I noticed that my handwriting had not changed since seventh grade. I realized that I had studied igneous rocks in eighth, and that I had, quite literally, forgotten everything. I had studied vocabulary words that I had long since incorporated into my daily language. I had excelled in spelling, sometimes struggled in science. Teachers frequently commented that my frequent absences had kept me from learning, and yet there, on my report card, were six straight As. Was I always a perfectionist?
The answer is yes. I’ve always had order, always had a system. Each thing in its place, its proper place, at all times. I have always known where to find a specific item, and I have always taken care of my belongings.
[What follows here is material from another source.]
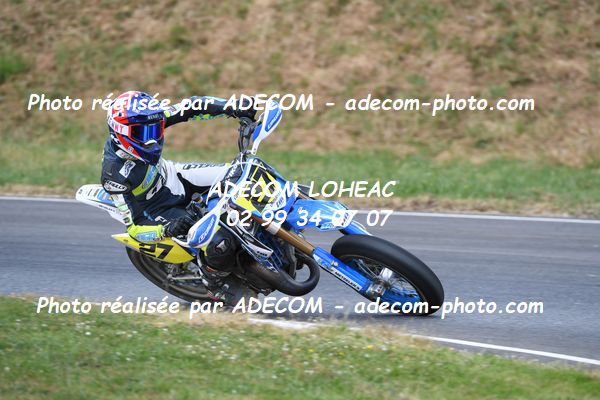 http://v2.adecom-photo.com/images//8.MOTO/2023/10_SUPERMOTARD_LOHEAC_2023/S3/PERNAT_Jules/41A_8533.JPG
When I unearthed Barbies from numerous boxes and totes, I found that I had more than thirty! I kept just a few for my future child/children, and donated most. Some I trashed. It was devastating to me, to physically place something my mother had worked hard to purchase, in a trash bag. But there was no way I could keep her; her hair was moldy, her feet spliced open, her face smudged. I wiped the dirt from my old doll’s face, mentally apologizing for the years of inadequate storage.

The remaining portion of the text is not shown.